Tax authorities say Uber liable for service tax, seek information from India subsidiary
October, 09th 2014
Uber, the taxi app that became popular in India by offering luxury car rides for a little more than the regular fare, could run into trouble with India's service tax authorities in the first such inquiry against a foreign service provider in the ecommerce space. This comes shortly after the company was recently forced to fall in line by the Reserve Bank of India, which insisted that it couldn't sidestep credit card security norms.
"We believe the company is liable for service tax since it is delivering a taxable service," a service tax department official in Mumbai who's aware of the development told ET. "We have sought details from Uber's Indian arm." Service tax authorities have sought information from Uber's India subsidiary, which provides systems support to the company, over non-payment of the levy.
The company said it was in compliance with local laws and paid taxes in all countries in which it was present. "Uber complies with all applicable tax laws, and pays the relevant tax in every territory it operates in," a company spokesperson said in an email. "Across 10 cities in India, Uber employs many local employees, in addition to empowering thousands of driver partners to become small business owners, earning a good living through the Uber platform."

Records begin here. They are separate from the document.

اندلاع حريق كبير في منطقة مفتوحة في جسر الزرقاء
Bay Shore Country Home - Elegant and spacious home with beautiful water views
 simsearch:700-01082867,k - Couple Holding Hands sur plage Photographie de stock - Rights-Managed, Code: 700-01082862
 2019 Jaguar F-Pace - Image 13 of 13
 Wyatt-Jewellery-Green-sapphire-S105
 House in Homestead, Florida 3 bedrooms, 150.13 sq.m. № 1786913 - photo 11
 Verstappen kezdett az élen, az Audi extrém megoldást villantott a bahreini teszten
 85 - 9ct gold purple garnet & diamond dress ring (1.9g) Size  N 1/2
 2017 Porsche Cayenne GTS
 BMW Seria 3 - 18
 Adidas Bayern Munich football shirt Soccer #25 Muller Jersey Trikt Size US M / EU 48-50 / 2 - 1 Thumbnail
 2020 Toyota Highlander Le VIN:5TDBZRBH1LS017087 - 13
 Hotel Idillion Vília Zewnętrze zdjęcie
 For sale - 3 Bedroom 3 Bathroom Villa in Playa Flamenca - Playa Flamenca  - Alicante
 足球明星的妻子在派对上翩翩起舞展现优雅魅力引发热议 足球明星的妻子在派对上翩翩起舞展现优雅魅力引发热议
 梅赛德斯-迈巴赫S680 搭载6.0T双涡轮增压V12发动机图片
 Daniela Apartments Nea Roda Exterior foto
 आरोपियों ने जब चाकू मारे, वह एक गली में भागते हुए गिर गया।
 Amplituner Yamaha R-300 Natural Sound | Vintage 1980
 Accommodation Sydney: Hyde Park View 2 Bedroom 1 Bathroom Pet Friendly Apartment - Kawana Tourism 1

Uber BV has no India office
"All payments on the Uber system are cashless and fully traceable in an industry that has been notoriously cashbased for years," the spokesperson addded.
In India, all services attract tax at the rate of 12% unless it's included in a negative list or specifically exempted by the government. Taxi services are not in the list and are therefore liable to pay.
Uber users register their credit card details with the company, which uses that to charge for rides. Cab drivers and owners enter into tie-ups with Uber, for which the company charges a 20% commission. The company has an Indian entity — Uber India Systems Pvt Ltd -- but it operates in the country through Netherlandsbased Uber BV. Service tax authorities say it's the first time they are dealing with a case in which an overseas mobile application is providing services used by Indians.
Uber doesn't have an India office or a representative in the country, which makes the task of tax authorities difficult, they said. "We have recorded a statement of officials from the Indian entity," said the official. Though the investigation is currently restricted to Mumbai, the department is looking to expand this to places where the company has a presence. Rival cab service providers pay service tax and thus tax authorities do not see any reason for Uber not to do so. Service tax is liable only on revenue above Rs 10 lakh and an individual cab driver may not attract tax if turnover is lower than the threshold. But in the case of Uber, the tax authorities are going to take into account combined turnover.
Globally, the taxation of e-commerce companies is under intense focus as they overturn traditional models of doing business. The OECD and the G20 have begun discussions on how countries should tackle taxation in the e-commerce space that poses fresh challenges to tax authorities as companies avoid tax by operating through multiple jurisdictions.
The US company gained customers after it offered high-end cars such as Audis and BMWs to users. Rides are paid for by card without the need for two-factor authentication, which requires users to key in a PIN.